◆ What to work on: Pictures excluded, output the lines of the data below between the one holding "Szerelmes Pár Szív" and the one holding "Orchestra Collection, artwork", inclusive, exactly as they stand.

◆ Provided information:
================
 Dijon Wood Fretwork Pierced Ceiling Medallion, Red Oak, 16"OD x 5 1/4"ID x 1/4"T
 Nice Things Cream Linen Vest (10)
================
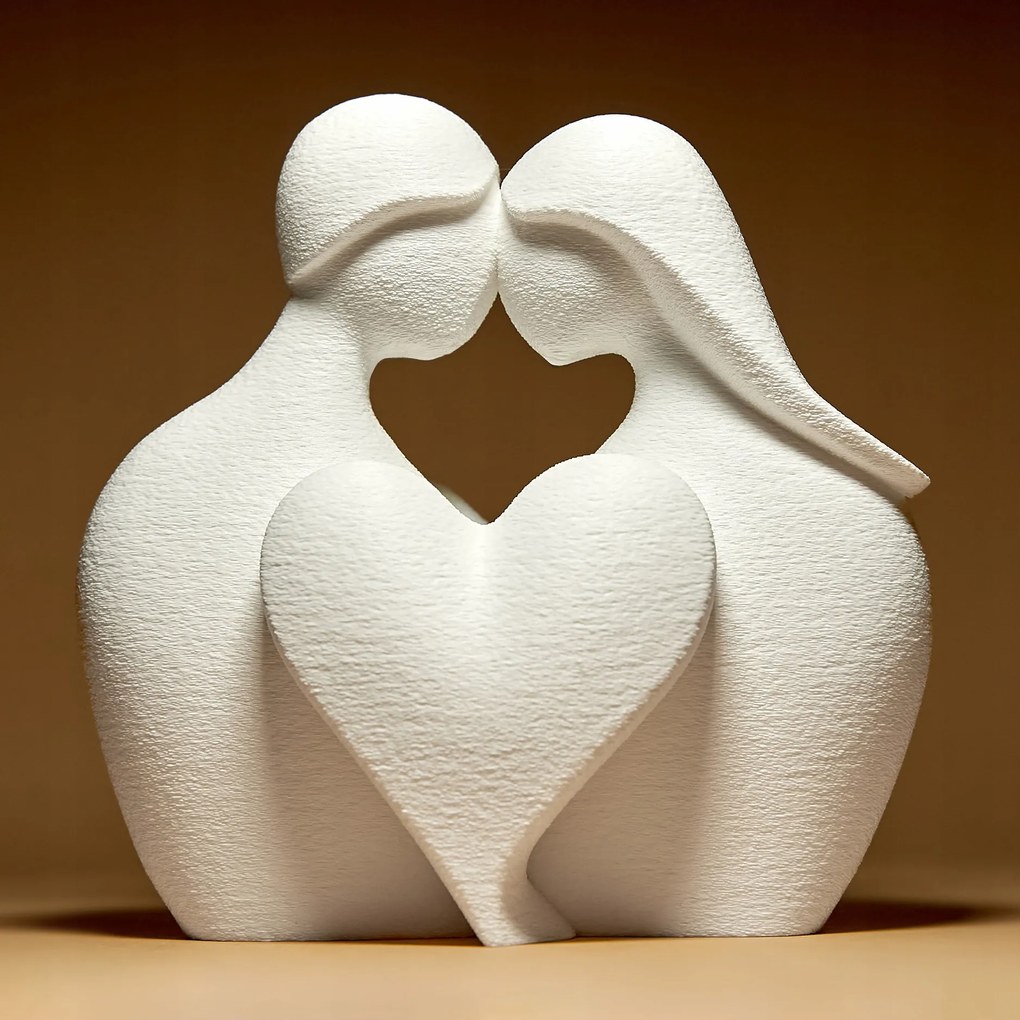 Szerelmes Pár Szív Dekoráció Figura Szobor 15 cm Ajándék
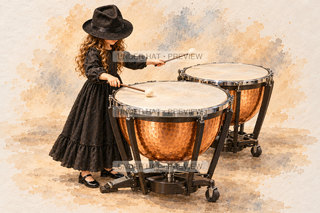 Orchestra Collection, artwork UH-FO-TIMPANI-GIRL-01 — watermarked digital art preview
================
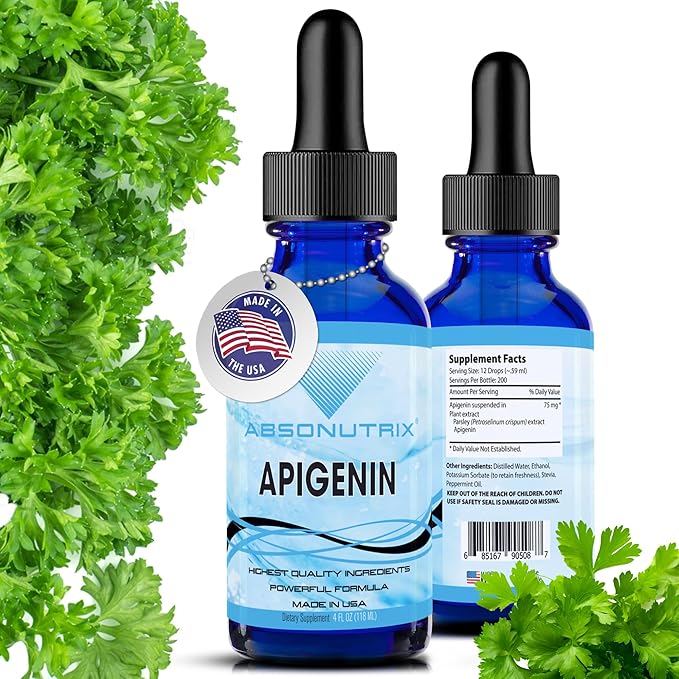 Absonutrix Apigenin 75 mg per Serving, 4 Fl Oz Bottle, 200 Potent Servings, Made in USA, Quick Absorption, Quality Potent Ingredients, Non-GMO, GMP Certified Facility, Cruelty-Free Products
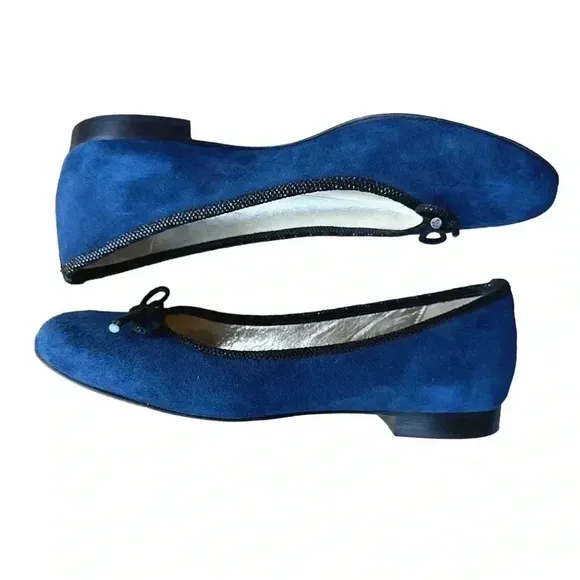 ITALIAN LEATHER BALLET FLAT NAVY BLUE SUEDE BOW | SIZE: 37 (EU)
================
◆ Exercise solution:
 Szerelmes Pár Szív Dekoráció Figura Szobor 15 cm Ajándék
 Orchestra Collection, artwork UH-FO-TIMPANI-GIRL-01 — watermarked digital art preview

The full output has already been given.